Recently I saw a plaintive tweet from @SalCan, Director of Product at Ziff Davis, asking “Where can I buy a Cree T8 LED?” Apparently there were none to be had. Strange, I thought — Cree just introduced them, and there initially seemed to be lots in my local Home Depot.
Now the reason behind the missing LED T8s is clear: Yesterday Cree voluntarily recalled the tube lamps because of a potential fire hazard:
“Electrical resistance between the spring contact and the printed circuit board (PCB) may cause over-heating due to electrical arcing. The printed circuit board can overheat and cause the LED T8 lamp to melt, posing fire and burn hazards.”
Well, this is interesting. Cree uses connectors quite a bit in its LED lights, likely because they are more reliable and work better in an automated assembly line. What’s the problem with the T8 lamps?
This is just a mere guess at this point, but it may have to do with the fact that, being a T8 replacement lamp, the LED lamp must work with the fluorescent fixture’s existing ballast. (T8 retrofit lamps require that the ballast be removed and the fixture direct-wired to the ac mains; the LED lamp’s internal driver handles all the power conversion.) With instant-start ballasts, which the Cree LED T8 lamp is compatible with, the ballast first applies a high (~600V) voltage to initiate the discharge arc. Perhaps for this particular spring connector, the high momentary voltage, under the right conditions, proved to be too much.

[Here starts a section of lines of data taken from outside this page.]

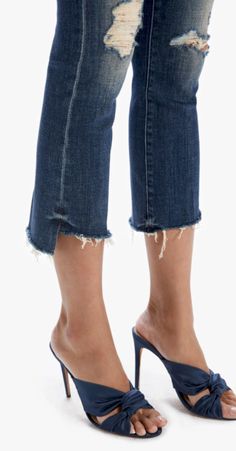 Flower power. This iconic high-waisted bootcut is cropped at the ankle with a frayed step-hem. Cut from stretch denim in a classic indigo wash with holes at the knees and destroyed details. Frayed Jeans, Stretch Denim, Flower Power, Heeled Mules, Mule Shoe, Wicked, High Waisted, Heels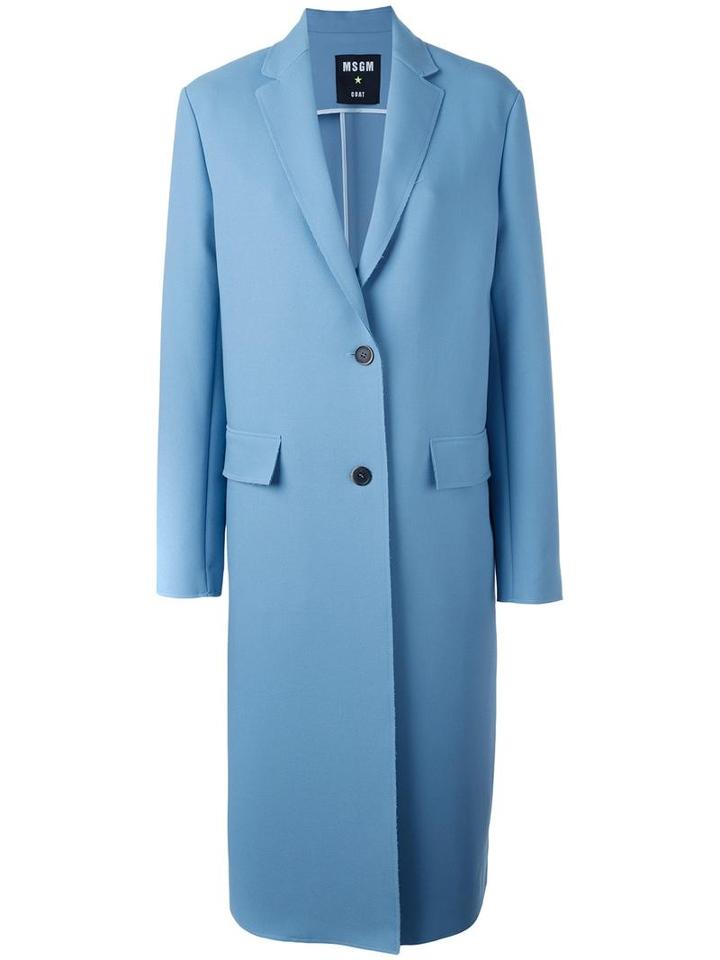 Msgm Single Breasted Coat, Women's, Size: 44, Blue, Polyester/viscose/spandex/elastane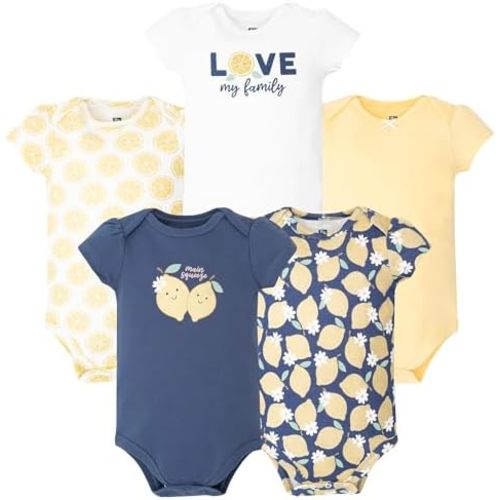 Hudson Baby Infant Girls Cotton Bodysuits 5-Pack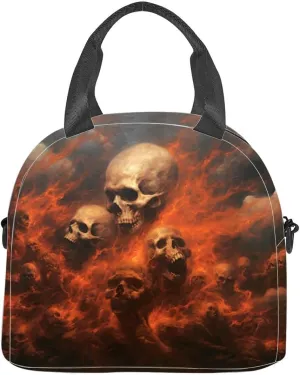 Skulls Insulated Adult Lunch Bag with Shoulder Strap for Women Lightweight Reusable Portable Freezable Lunch Tote Bag for Work Picnic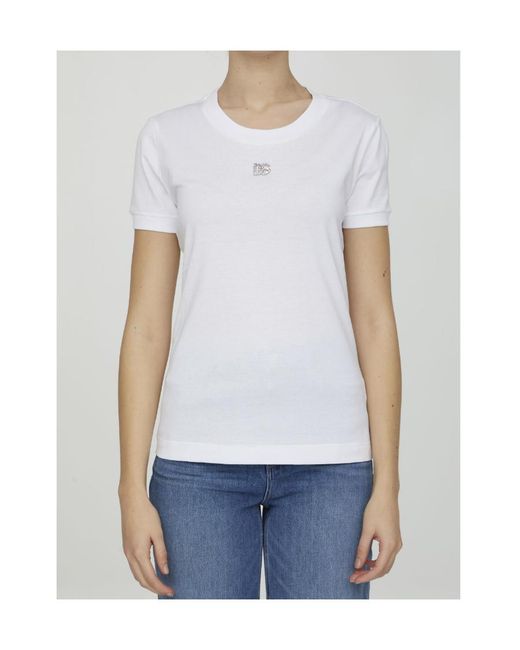 Dolce & Gabbana White Logo-Embellished Short-Sleeved Top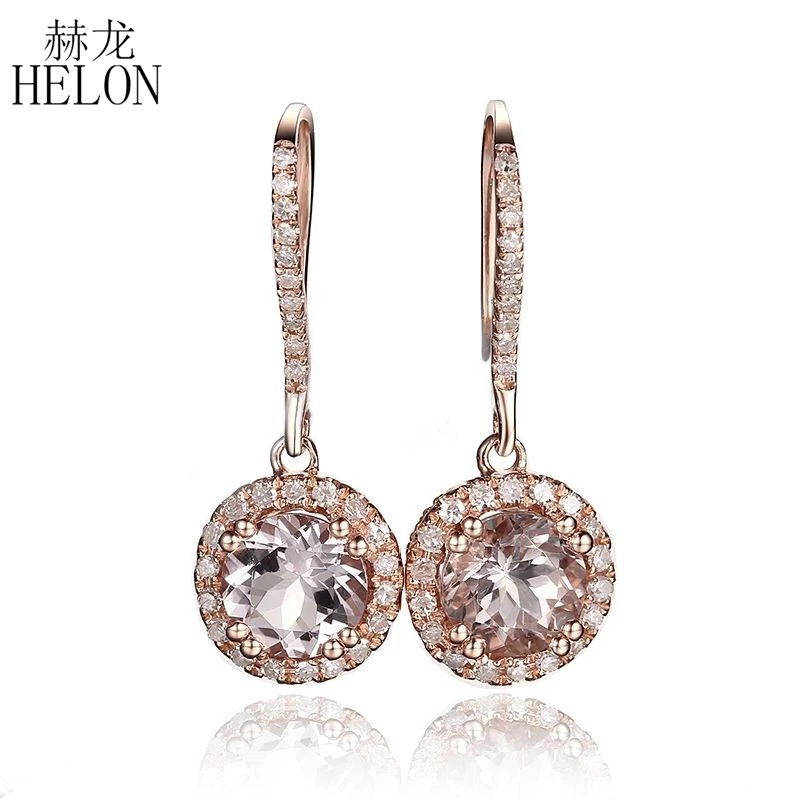 

HELON 6mm Round 1.6ct Morganite Earrings Solid 18K Rose Gold Engagement Fine Natural Diamonds Drop Earrings Hook Dangle Earrings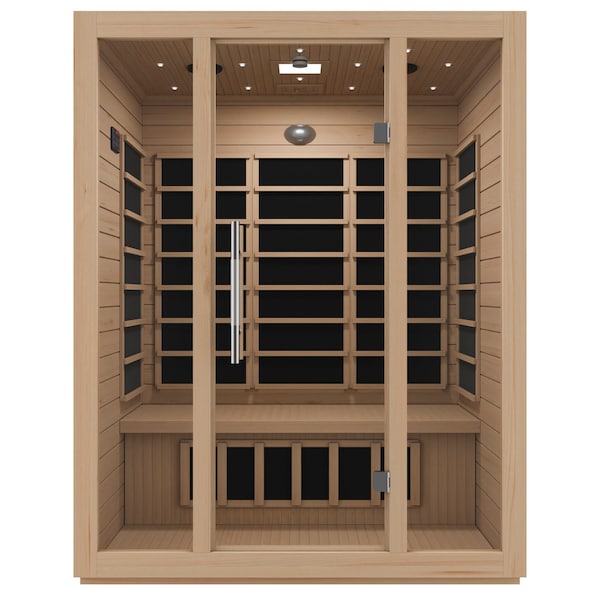 Steamspa 3-Person Carbon FAR Infrared Hemlock Wooden Indoor Sauna Room with LED Touch Control Panel - SC-SS0008-3P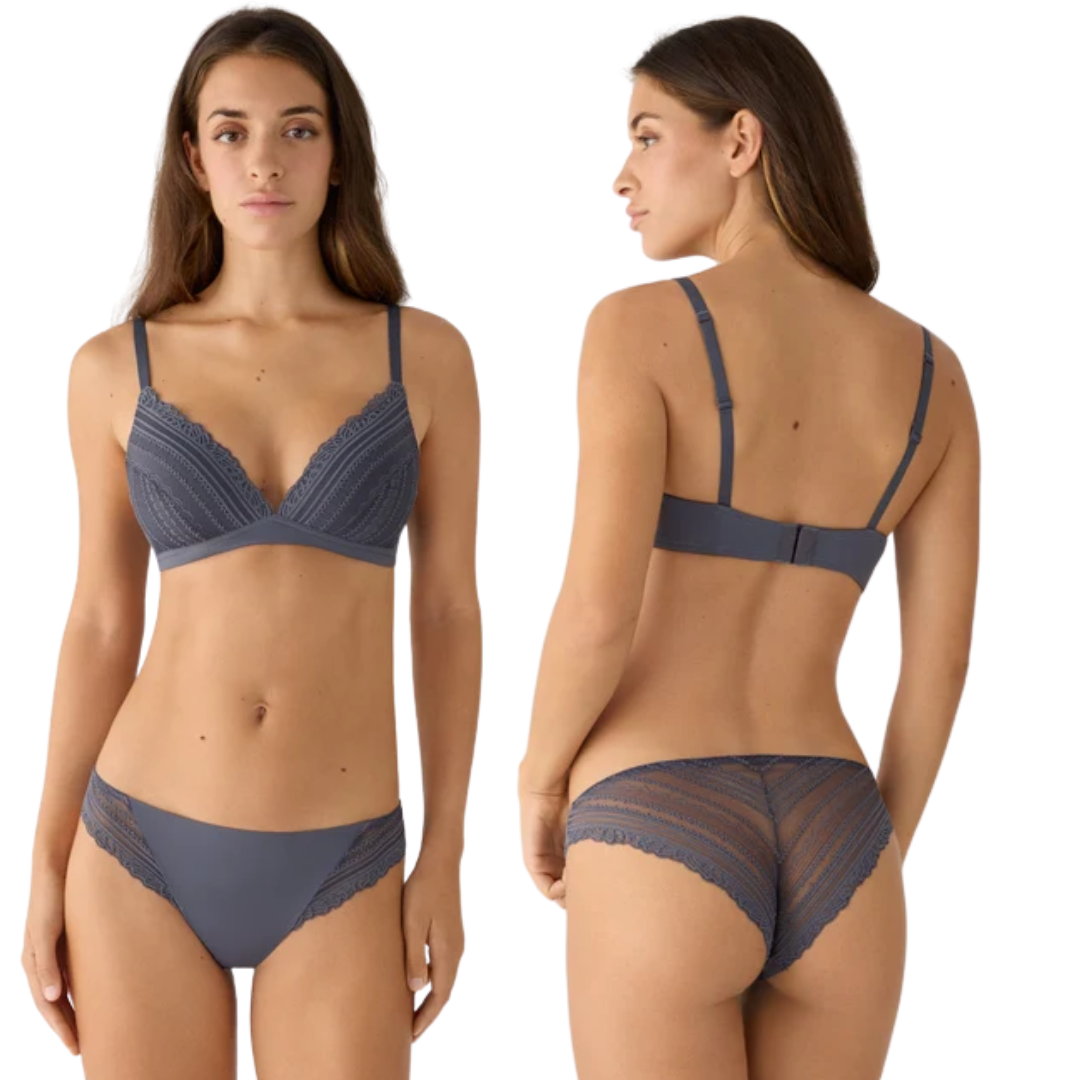 Brasiliana in Pizzo Geometrico e Microfibra – Eleganza Grafica e Comfort Invisibile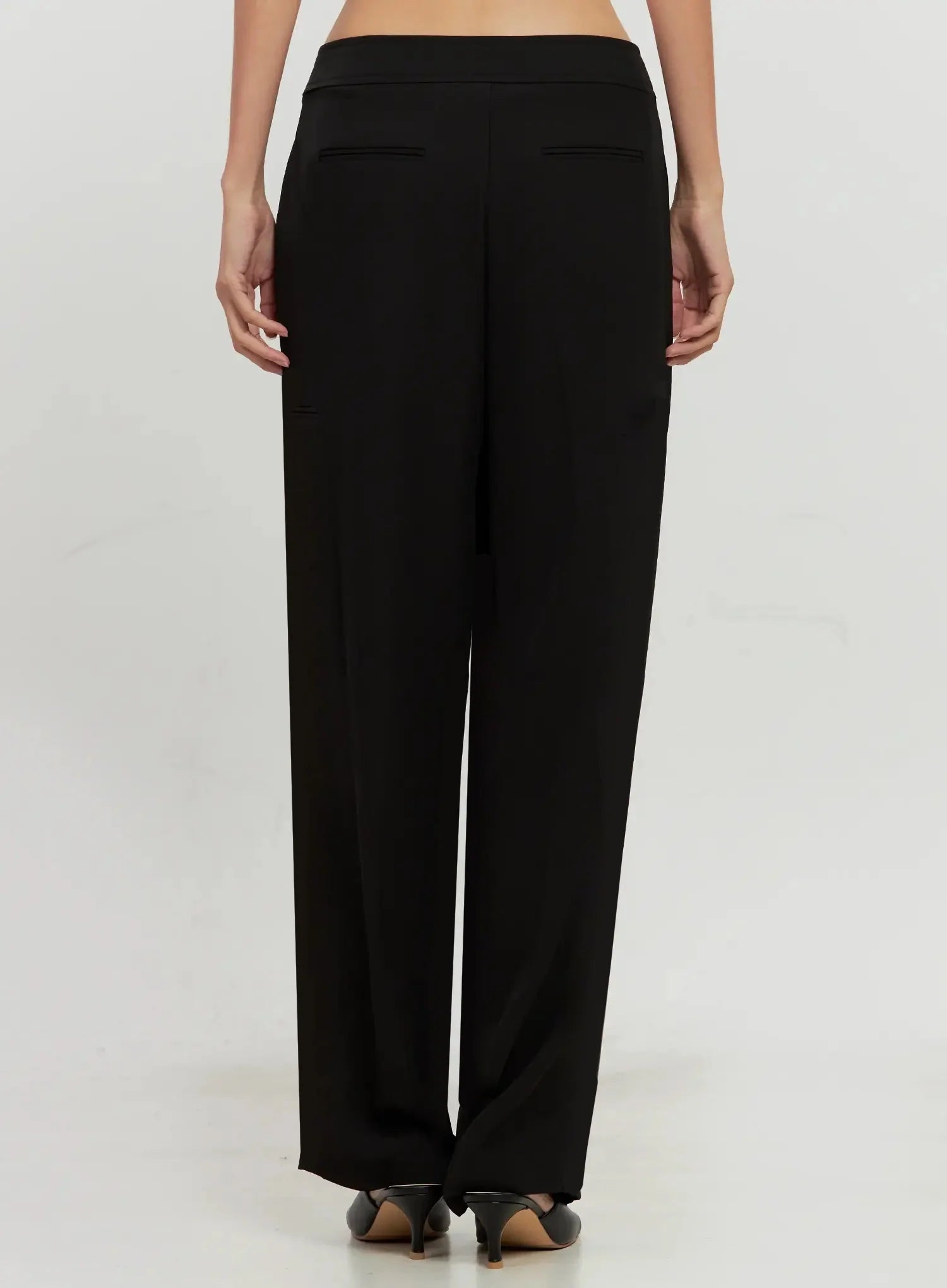 Chic Pintuck Wide-Leg Slacks IS516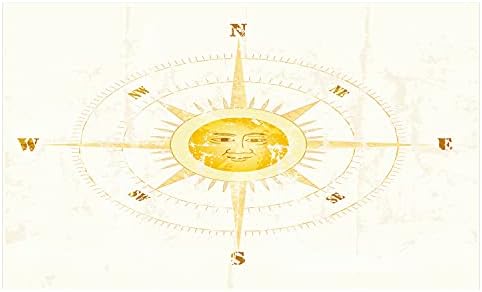 מחזיק מברשת שיניים קרמיקה של אמבסון מצפן, שייט וינטג 'וינטג' עם פני השמש בצפון צפון דרום מזרח מזרח, משטח דקורטיבי רב -תכליתי לחדר אמבטיה, 4.5 x 2.7, צהוב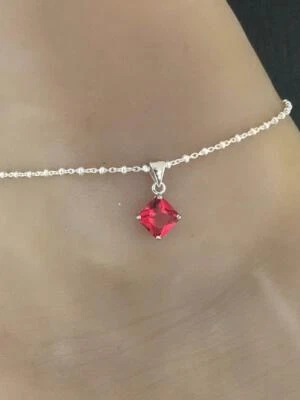 Princess Cut Red Ruby Women's Charm Classic Anklets In 935 Argentium Silver - Image 1 of 4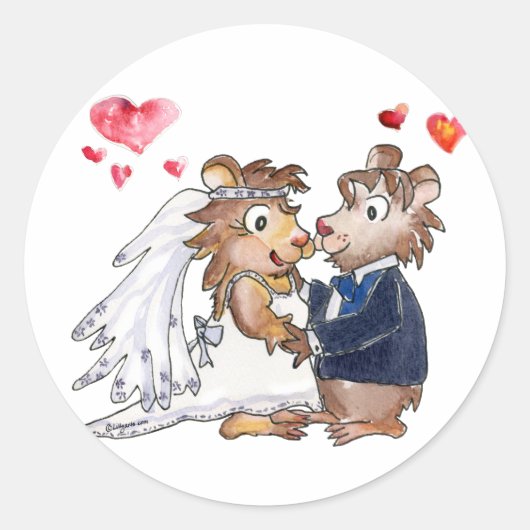 Cartoon Wedding Couple Ronde Sticker (Voorkant)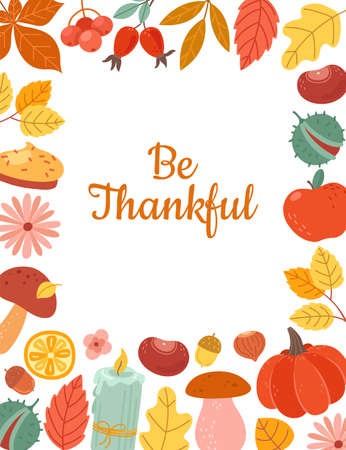Harvest season. Autumn leaves, berries and sweets. Thanksgiving day postcard with colorful frame vector template. Illustration of autumn thanksgiving harvest bannerのイラスト素材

Here’s a photo of the spring clip connector and the pc board in the recalled lamp:
Cree estimated the number of lamps involved to be about 700,000; while they just recently went on sale at Home Depot to the consumer market last month, they have been sold through commercial channels since last fall.
Kudos to Cree for taking the initiative and pro-actively issuing the recall.